Il naturale scolo, in un cortile condominiale, delle acque grondanti da cornicioni, balconi o terrazze delle abitazioni che vi si affacciano, il quale non si ricollega ad un diritto di servitù, ma configura esercizio del diritto di comproprietà, resta soggetto ai limiti fissati dall’art. 1102 cod. civ., e non può quindi implicare un’alterazione della destinazione della cosa comune, od un impedimento del pari uso degli altri partecipanti, né un danneggiamento della cosa medesima o delle proprietà esclusive dei singoli condomini.  Cass. civ., sez. II, 11 ottobre 1986, n. 5949.

i) Spese

L’art. 1123 cod. civ. dispone, nell’ipotesi di cose destinate a servire i condomini in misura diversa, che le relative spese sono ripartite in proporzione dell’uso da ciascuno fattone, non può subire deroga per la circostanza che l’unità immobiliare sia compresa nella tabella millesimale generale dell’edificio condominiale, in quanto tali tabelle, formate in base al solo valore delle singole unità immobiliari, servono solo per il riparto delle spese generali e di quelle che riguardano le parti dell’edificio comuni a tutti i condomini, ma non sono utilizzabili per il riparto delle spese che non sono comuni a tutti i condomini in ragione del diverso uso delle cose condominiali. (Nella specie, in applicazione di tale principio, la Suprema Corte ha confermato la pronuncia della corte di merito che aveva ritenuto non dovute dalla parte attrice, la cui proprietà era pur inclusa nelle tabelle millesimali, le spese per la manutenzione delle fognature, in quanto il suo locale al piano interrato era sfornito di impianti igienici). * Cass. civ., sez. II, 18 novembre 1987, n. 8484.

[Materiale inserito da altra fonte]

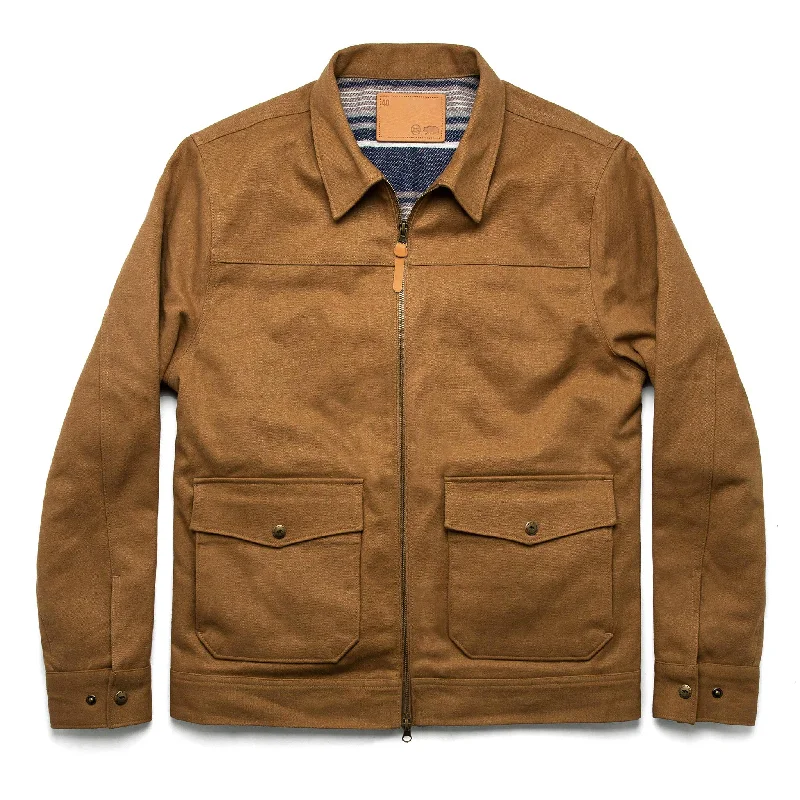Men's Coats for Big and TallThe Mechanic Jacket in British Khaki Boss Duck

La spesa per la riparazione dei canali di scarico dell’edificio in condominio, che, ai sensi dell’art. 1117 n. 3 c.c., sono oggetto di proprietà comune fino al punto di diramazione degli imputati ai locali di proprietà esclusiva dei singoli, sono a carico di tutti i condomini per la parte relativa alla colonna verticale di scarico ed a carico dei rispettivi proprietari per la parte relativa alle tubazioni che si diramano verso i singoli appartamenti. (Nella specie, sulla base del principio affermato, si è ritenuto che il giudice di merito avesse correttamente posto a carico del singolo la spesa di riparazione del tratto della tubazione orizzontale che si innesta in quella verticale) * Cass. civ., sez. II, 18 dicembre 1995, n. 12894.

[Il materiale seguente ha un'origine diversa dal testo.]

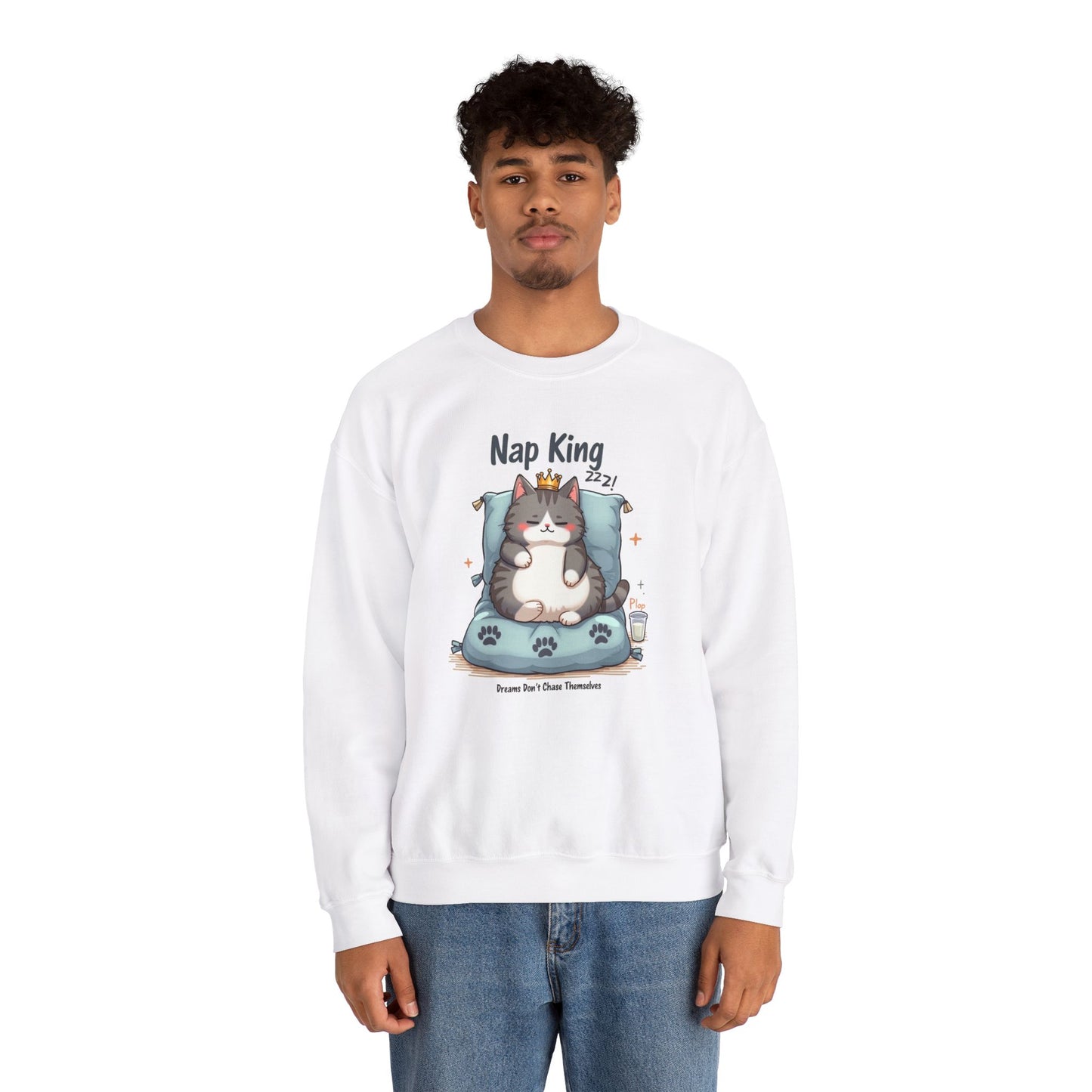 Sweatshirt - Nap King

Con riguardo all’impianto di fognatura di un edificio in condominio l’indagine diretta a stabilire se il condomino che non utilizzi detto impianto, per essere l’unità abitativa di sua proprietà collegata con l’impianto idrico sanitario di un altro condominio, sia egualmente comproprietario dell’impianto condominiale e quindi, in applicazione dell’art. 1123 c.c., sia tenuto a concorrere nelle spese inerenti alla sua conservazione, va condotta in base ai criteri indicati nell’art. 1117 c.c. sull’individuazione delle parti comuni dell’edificio, tenendo conto che la comunione di detto impianto ove debba essere negata in base alla citata norma può essere riconosciuta per effetto di diversa previsione del regolamento condominiale, quando esso abbia natura contrattuale perché predisposta dall’originario unico proprietario dell’edificio e poi accettato con i singoli atti di acquisto, ovvero perché adottato con il consenso unanime di tutti i partecipanti, manifestato nelle debite forme. * Cass. civ., sez. II, 6 dicembre 1991, n. 13160.